### TO DO
Once the line containing "22 Connaught Avenue, Toronto, ON" appears, output it and each remaining line of the records below exactly, with no pictures and nothing more.

[Caption-style text data]

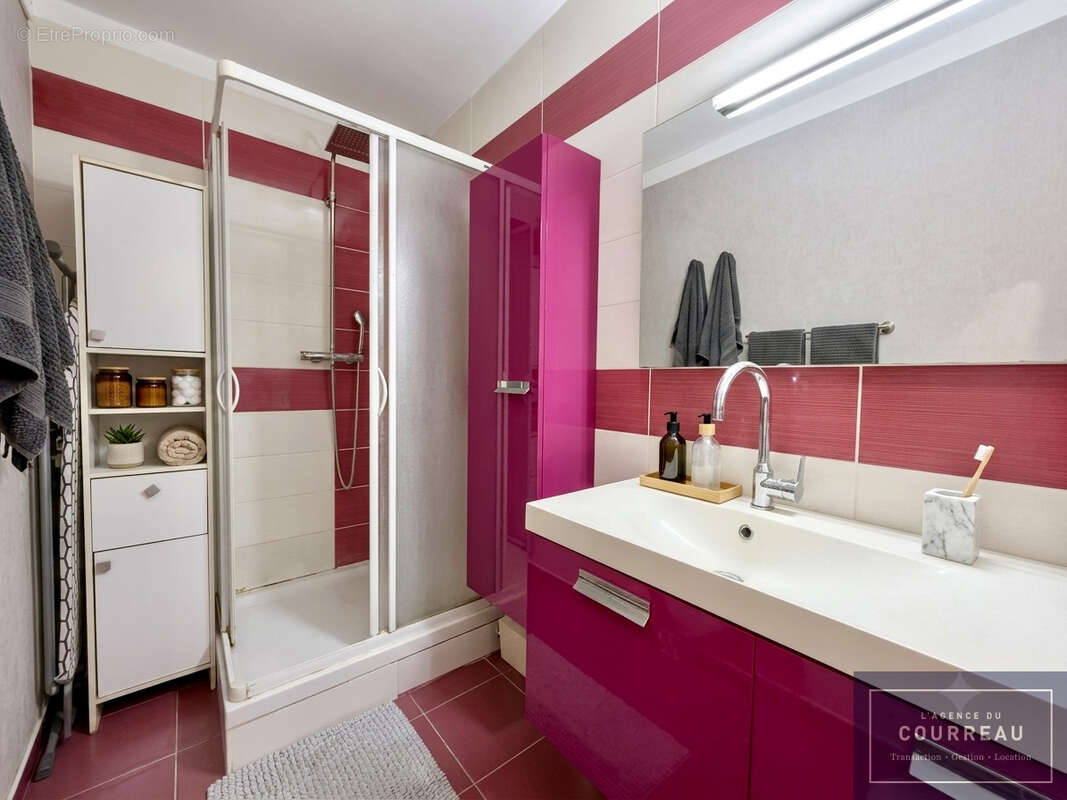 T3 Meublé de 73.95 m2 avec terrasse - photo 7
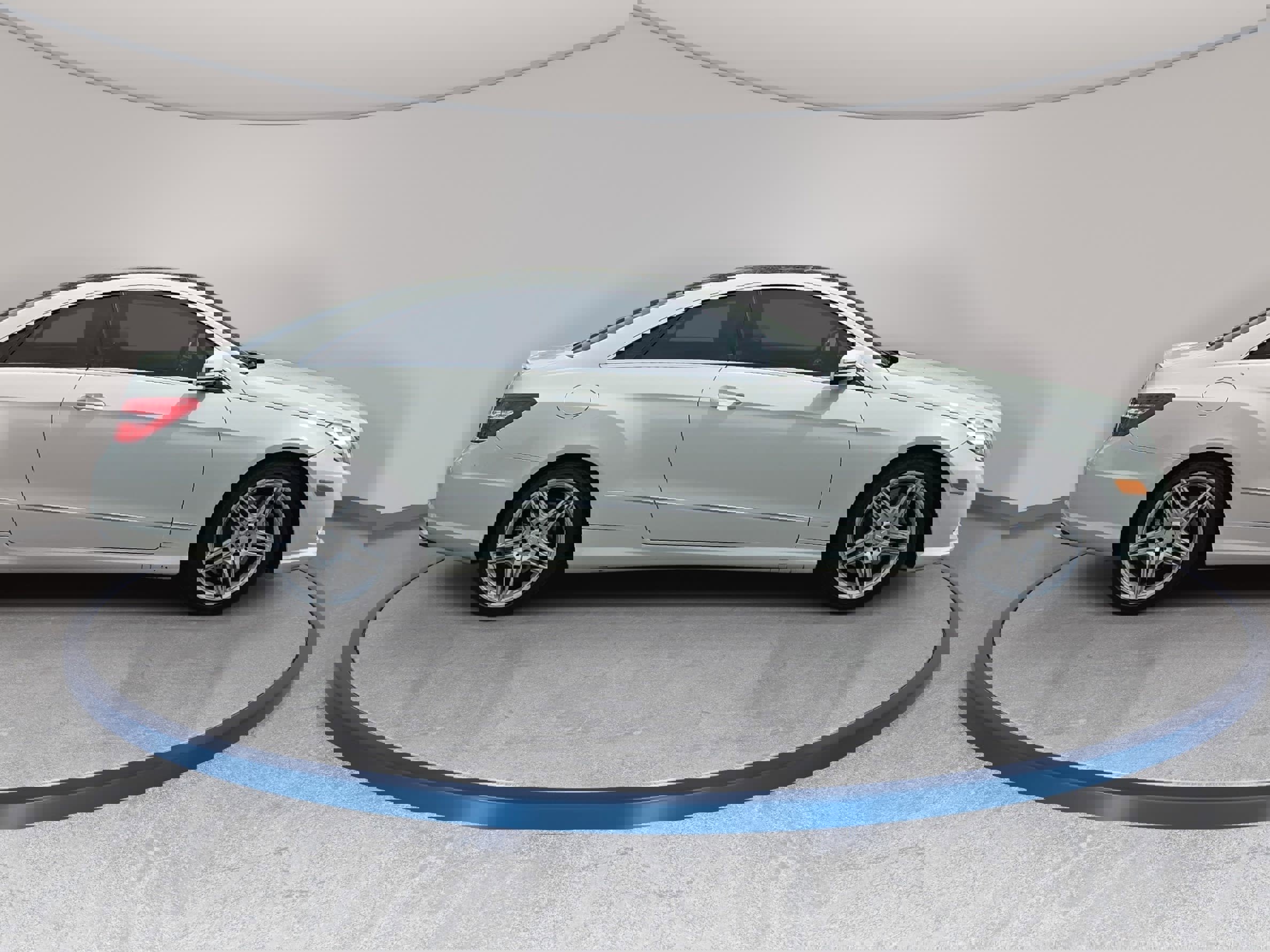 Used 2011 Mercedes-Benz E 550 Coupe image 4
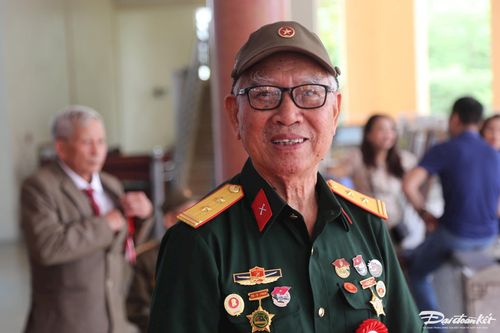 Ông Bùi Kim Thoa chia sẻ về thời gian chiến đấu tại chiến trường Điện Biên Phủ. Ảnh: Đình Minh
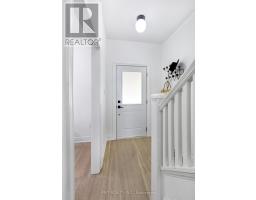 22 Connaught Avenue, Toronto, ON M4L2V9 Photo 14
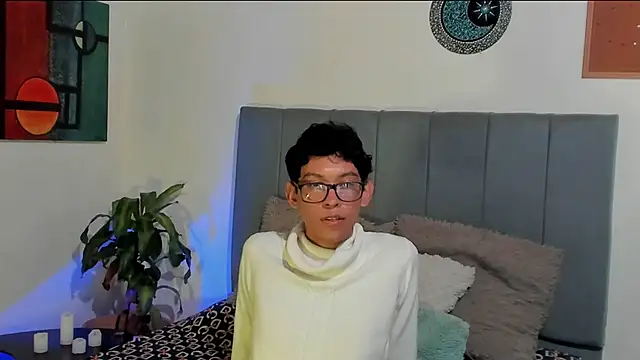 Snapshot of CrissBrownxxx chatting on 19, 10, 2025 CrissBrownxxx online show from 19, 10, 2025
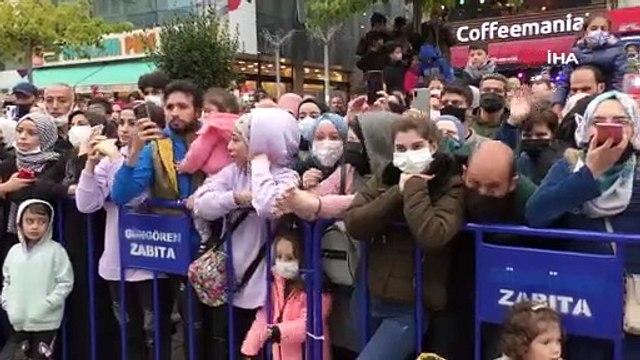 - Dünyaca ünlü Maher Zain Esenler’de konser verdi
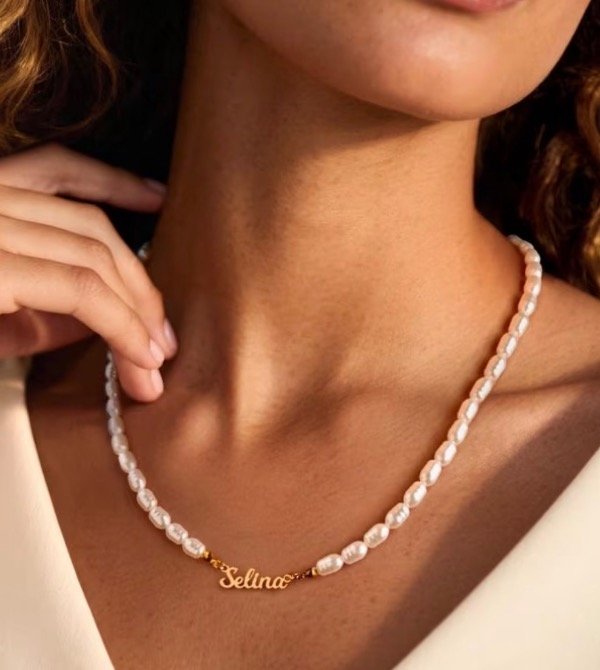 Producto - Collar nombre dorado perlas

### EXERCISE RESULT
 22 Connaught Avenue, Toronto, ON M4L2V9 Photo 14
 Snapshot of CrissBrownxxx chatting on 19, 10, 2025 CrissBrownxxx online show from 19, 10, 2025
 - Dünyaca ünlü Maher Zain Esenler’de konser verdi
 Producto - Collar nombre dorado perlas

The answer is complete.